If you didn’t catch 2014’s surprise action hit “John Wick,” launching Keanu Reeves right into a Liam Neeson-style career rebirth, it’s OK. Peter Stormare is here to explain “John Wick” to you at the beginning of “John Wick: Chapter 2.” Playing a Russian gangster, he serves as a connection to the prior film, wherein retired assassin Wick killed everyone in sight while avenging his dog. In fairness, the dog was really cute. Stormare serves as an audience proxy, a fan of Wick. “He killed three men in a bar with pencil!” Stormare exclaims. And in the way that every character recognizes him on sight, uttering “John Wick,” it’s like they all saw the first movie, too.

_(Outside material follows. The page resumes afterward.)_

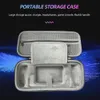 Falltasche für PS5 Portal Travel Traging Case Handheld Game Console Protective Hard Case Bag Zubehör für PlayStation 5 Portal 240429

Writer Derek Kolstad and director Chad Stahelski are back for the sequel alongside Reeves, brewing up more of that uniquely Wickian magic. The screenplay is once again taciturn, nearly wordless; Wick speaks infrequently, in monosyllables (perfect for Reeves’ stoner intonation), and new co-star Ruby Rose doesn’t utter a word. But the film is noisy, speaking in the whine of motorcycles, rumbling engines, gunshots, knife swipes and text message alerts announcing a bounty on John Wick’s head.

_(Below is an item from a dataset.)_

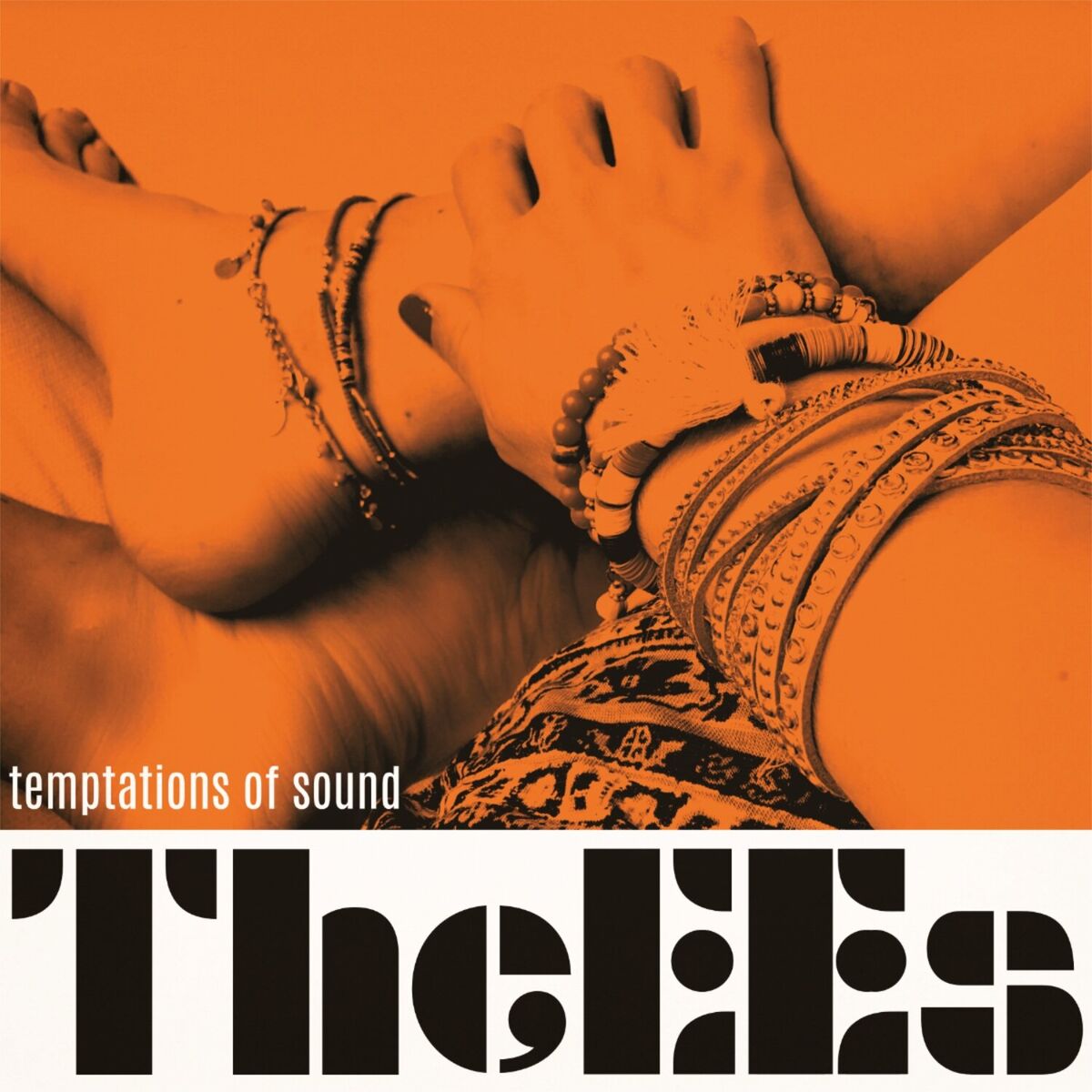 Album cover of Temptations Of Sound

Like its predecessor, “John Wick: Chapter 2” is a symphony of violence, a ballet even, and the visuals are abstracted to the surreal. The camera doesn’t cut often, eschewing the rapid fire editing typical for this genre. In long takes, it methodically follows Wick as he works, smashing and stabbing and shooting. He is talented, but it is work he detests; he’s compelled by his reputation and his skillset into action. Reeves plays the autopilot assassin with a haunted despondency. His skills are remarkable (you gotta see him with a pencil), but he limps and heaves and bleeds. His hurt, inside and out, is all over his face.
He’s a simple man, with a simple life. All he needs are his house, car and dog. Mess with that, mess with him. In the first film, he avenged his dog; now, it’s his house, filled with all the memories of his late wife. It’s a fascinating role for Reeves’ resurgence, and Stahleski and Kolstad play perfectly to his strengths: his quiet, Zen-like power, his just-deadpan-enough line readings that have inspired unintentional giggles throughout his career.

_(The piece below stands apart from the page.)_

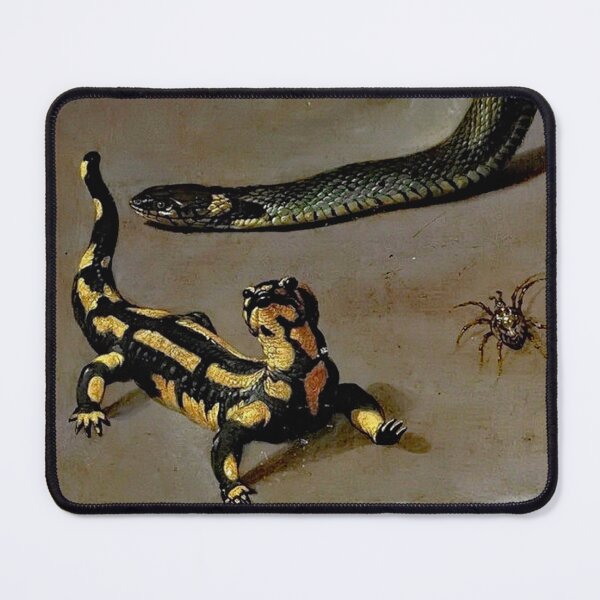 Item preview, chipper salamander designed and sold by kristana.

The surreal, stylized orgy of violence reaches its climax in a deliciously meta art exhibit, a hall of mirrors, making for a self-reflective wink at the notion of the mediated image. John Wick’s murderous actions are reflected and refracted at him, and our pleasure in this carnage, our culpability, is reflected on ourselves. The moments where it isn’t pleasurable are when it escapes the fantasy world and shows us something too real. Admittedly, it’s a bit queasy to watch John Wick shoot up a party, even if it is selectively at balaclava’d bad guys.
Where “Chapter 2” stumbles is in its plotting. The beauty of the first film was in the simplicity of story married to Reeves’ quiet persona and performance. Avenge the dog – that’s it. This film involves sibling rivalries, long cons, pawns, bounties and double crosses. It ends, then ends, and ends again, extending the exercise far beyond its welcome. It should have taken a note from its star and kept it simple, stupid.